Após mais de 11 anos de encarceramento, Alex foi autorizado a viver na comunidade australiana.

Ele passou os cinco anos seguintes vagando pela Austrália. Encontrou trabalho onde quer que pudesse, muitas vezes em áreas remotas e isoladas do país.

Ele ficou por um tempo no distrito de Hills, em Sydney, com a defensora dos refugiados Claudia, uma amiga e apoiadora que o visitou enquanto ele estava detido.

Outra amiga, a irmã Elizabeth Young, encontrou-o trabalhando como faxineiro em sua cidade natal, Forbes. Young, uma Irmã da Misericórdia, conheceu Alex em sua função de prestadora de cuidado pastoral no Centro de Detenção Curtin. Alex se ofereceu como voluntário para varrer a modesta capela do centro.

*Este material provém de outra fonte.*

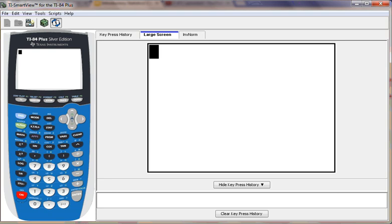In this video, we're going to work backward and use the percentile to determine what number would be the cutoff point. To do that, we're going to use a function called inverse norm on the calculator.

“Ele sempre trabalhou muito para tentar sustentar a sua família. Ele não queria depender do Centrelink”, diz Young. “Eu queria viver uma vida normal.”

Ele não pôde viajar para ver sua esposa e filhos.

Mas com o pouco que ganhou, enviou-lhes tudo o que pôde.

“Ela comprou para os filhos tudo o que eles queriam”, diz outra amiga, Diane. “Foi uma espécie de compensação por todos os anos perdidos.”

Em 2024, Alex encontrou trabalho em Pilbara, na Austrália Ocidental, longe daqueles que o apoiavam, e a sua frágil saúde mental piorou.

Isolado, ele ficou cada vez mais ansioso com a situação incerta do seu visto. Seu visto de proteção expirou em 30 de setembro. Ele perderia o direito ao trabalho, o direito de permanecer livre.

Young o encaminhou para serviços de apoio em Perth, mas ele nunca marcou a consulta. Ele nunca conseguiria a ajuda de que precisava.

Em vez disso, Alex pegou um táxi para Kings Park, onde a vista para o oeste dá para o rio e o mar.

*Nome alterado para proteger a identidade do gestor do caso.